Within moments of the car being hauled away from the crash site, I’d heard that something wonky was found in the pedal assembly. It could be wrong, or it could be right; don’t take it as anything other than a sharing of what was relayed.

On the topic, this is what AMSP had to say: “The sequence of events has been clearly established and the root cause identified as a singular, non-recurrent mechanical fault.”

(Full credit to the team for watching the legendary ‘Turbo Encabulator’ clip before assembling that word salad!)

The lack of braking makes me think there was a braking malfunction of some kind, but that doesn’t answer why the engine rocketed to maximum revs and hurled Rosenqvist into the wall. In the same release, AMSP said Chevy was not to blame for anything related to throttle issues. That is assumed to mean the engine side of the throttle system, not the chassis side, as Chevy has nothing to do with the pedal’s electronics.

The DW12 relies on a drive-by-wire electronic interaction between the throttle pedal and its partner on the engine that opens the throttle butterfly through a motor that’s operated electronically in reaction to the pedal’s movement.

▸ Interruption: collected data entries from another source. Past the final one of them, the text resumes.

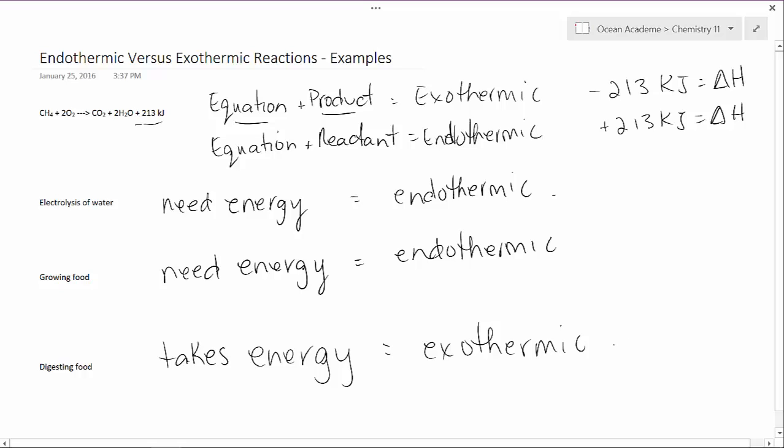And those are just a few examples of endothermic and exothermic reactions.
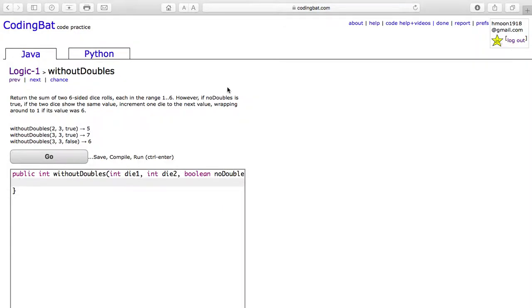Today we will be doing the problem without doubles in logic 1 of coding bat. The problem reads, return the sum of two six-sided dice rolls, each in the range of 1 through 6.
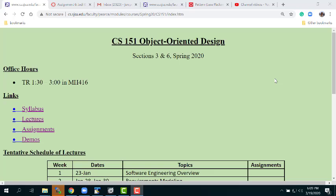Hi CS151 students, it's Professor Pierce. This is a repeat of the lecture from last Tuesday, the 17th. I recorded it to the cloud, but Zoom has been having trouble with everybody uploading to the cloud, so I'm now recording locally and uploading to YouTube. I'm blaming it on Zoom — it couldn't have been my own incompetence.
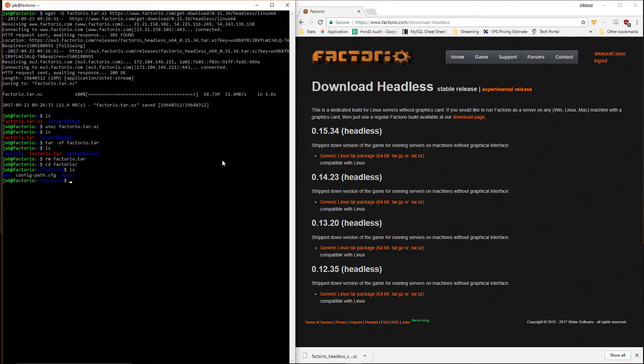Inside the Factorio directory there are just a couple of items. The first things we want to do are create a saves folder and also create a mods folder in case you want to use mods later on.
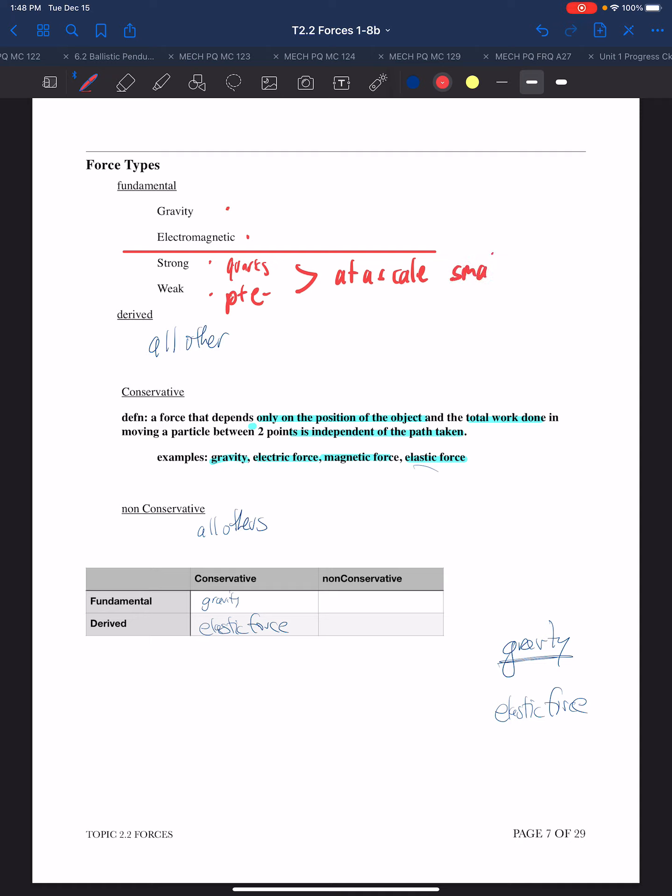So these forces are not things we deal with on a daily basis - they are at a scale smaller than an atom. By virtue of that fact, we realize that all large-scale phenomena, every phenomenon we see, is fundamentally due to gravity or the electromagnetic force.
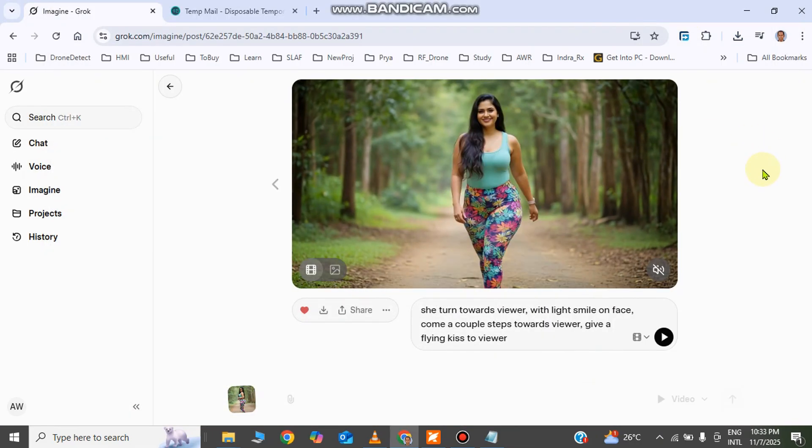You can generate a large amount of videos using the account we created. When you reach the limit of video generation, go to the Temp Mail website to generate a new email address, create a new account, and likewise you can generate any amount of videos you need.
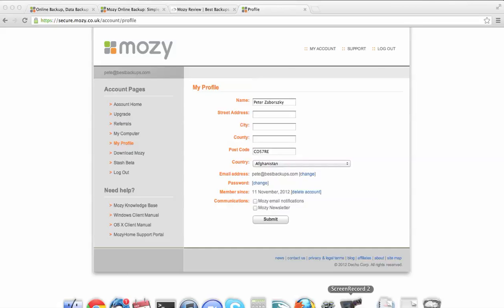So, all in all, that's kind of how Mozy looks. So, you've seen the website, seen the software. If you want to see an extensive written review, you can find it on www.bestbackups.com. Mozy is actually our featured provider for the month. So, they're going to put an extra placement on our site. Yeah, just check out our website if you're interested. You can also find the link just underneath this video. Thanks for listening.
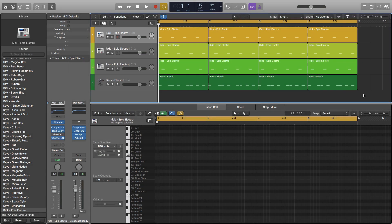Hey Soundagraver here, welcome back to my channel. Today we are adding a bass line to our rhythmic kit that we had established last week. Let's go ahead and have a listen.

At the pedal, an electronic potentiometer is attached, and as the pedal is moved by a driver’s foot, the shaft in the potentiometer moves. Purely for the sake of example, if one inch of throttle pedal movement equates to the engine cracking open to 10 percent throttle, it’s actually the electronic potentiometer’s movement that gives the instruction to the little motor on the engine that opens the throttle butterfly.

And as more than one IndyCar electronics specialist has suggested since the crash, if things were to come loose in the pedal assembly, and in particular, the throttle potentiometer came loose from the pedal while in the wide-open position, a driver would have no control over the engine and an unfortunate maximum-throttle situation like Rosenqvist’s could occur.

It’s worth restating that in the absence of a concise explanation from the team, what you’ve just read are hypotheticals and not facts.